Work required: Repeat the listing in full, exactly as it stands.

Input data Start Marker

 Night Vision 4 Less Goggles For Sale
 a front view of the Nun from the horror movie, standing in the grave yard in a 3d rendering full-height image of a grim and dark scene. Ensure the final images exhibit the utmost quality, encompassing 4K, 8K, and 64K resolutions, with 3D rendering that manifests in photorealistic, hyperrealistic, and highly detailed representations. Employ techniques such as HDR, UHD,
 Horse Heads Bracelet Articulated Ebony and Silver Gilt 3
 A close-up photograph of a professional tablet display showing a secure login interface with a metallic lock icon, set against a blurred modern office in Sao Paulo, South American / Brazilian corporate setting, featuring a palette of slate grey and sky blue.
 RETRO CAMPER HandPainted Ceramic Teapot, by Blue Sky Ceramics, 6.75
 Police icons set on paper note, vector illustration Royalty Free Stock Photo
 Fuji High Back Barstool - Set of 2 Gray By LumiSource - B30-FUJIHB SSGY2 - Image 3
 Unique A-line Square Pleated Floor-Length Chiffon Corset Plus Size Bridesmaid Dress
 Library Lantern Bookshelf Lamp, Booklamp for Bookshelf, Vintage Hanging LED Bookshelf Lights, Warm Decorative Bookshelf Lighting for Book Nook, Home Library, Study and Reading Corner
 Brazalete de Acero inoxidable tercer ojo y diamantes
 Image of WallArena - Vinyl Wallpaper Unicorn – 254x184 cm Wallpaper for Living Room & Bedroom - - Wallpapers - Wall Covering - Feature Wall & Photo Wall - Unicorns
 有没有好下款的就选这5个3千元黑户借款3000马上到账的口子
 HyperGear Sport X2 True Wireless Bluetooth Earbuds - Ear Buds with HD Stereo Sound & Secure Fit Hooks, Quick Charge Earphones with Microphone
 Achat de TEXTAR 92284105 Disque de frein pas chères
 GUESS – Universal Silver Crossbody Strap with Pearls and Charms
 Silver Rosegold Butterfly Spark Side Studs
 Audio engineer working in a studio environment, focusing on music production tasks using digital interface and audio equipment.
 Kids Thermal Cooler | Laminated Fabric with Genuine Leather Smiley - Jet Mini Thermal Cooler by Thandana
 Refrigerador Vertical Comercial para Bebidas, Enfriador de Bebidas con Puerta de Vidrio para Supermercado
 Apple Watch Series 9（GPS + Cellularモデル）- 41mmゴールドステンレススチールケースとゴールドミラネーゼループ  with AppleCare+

Input data End Marker

Output for this task:
 Night Vision 4 Less Goggles For Sale
 a front view of the Nun from the horror movie, standing in the grave yard in a 3d rendering full-height image of a grim and dark scene. Ensure the final images exhibit the utmost quality, encompassing 4K, 8K, and 64K resolutions, with 3D rendering that manifests in photorealistic, hyperrealistic, and highly detailed representations. Employ techniques such as HDR, UHD,
 Horse Heads Bracelet Articulated Ebony and Silver Gilt 3
 A close-up photograph of a professional tablet display showing a secure login interface with a metallic lock icon, set against a blurred modern office in Sao Paulo, South American / Brazilian corporate setting, featuring a palette of slate grey and sky blue.
 RETRO CAMPER HandPainted Ceramic Teapot, by Blue Sky Ceramics, 6.75
 Police icons set on paper note, vector illustration Royalty Free Stock Photo
 Fuji High Back Barstool - Set of 2 Gray By LumiSource - B30-FUJIHB SSGY2 - Image 3
 Unique A-line Square Pleated Floor-Length Chiffon Corset Plus Size Bridesmaid Dress
 Library Lantern Bookshelf Lamp, Booklamp for Bookshelf, Vintage Hanging LED Bookshelf Lights, Warm Decorative Bookshelf Lighting for Book Nook, Home Library, Study and Reading Corner
 Brazalete de Acero inoxidable tercer ojo y diamantes
 Image of WallArena - Vinyl Wallpaper Unicorn – 254x184 cm Wallpaper for Living Room & Bedroom - - Wallpapers - Wall Covering - Feature Wall & Photo Wall - Unicorns
 有没有好下款的就选这5个3千元黑户借款3000马上到账的口子
 HyperGear Sport X2 True Wireless Bluetooth Earbuds - Ear Buds with HD Stereo Sound & Secure Fit Hooks, Quick Charge Earphones with Microphone
 Achat de TEXTAR 92284105 Disque de frein pas chères
 GUESS – Universal Silver Crossbody Strap with Pearls and Charms
 Silver Rosegold Butterfly Spark Side Studs
 Audio engineer working in a studio environment, focusing on music production tasks using digital interface and audio equipment.
 Kids Thermal Cooler | Laminated Fabric with Genuine Leather Smiley - Jet Mini Thermal Cooler by Thandana
 Refrigerador Vertical Comercial para Bebidas, Enfriador de Bebidas con Puerta de Vidrio para Supermercado
 Apple Watch Series 9（GPS + Cellularモデル）- 41mmゴールドステンレススチールケースとゴールドミラネーゼループ  with AppleCare+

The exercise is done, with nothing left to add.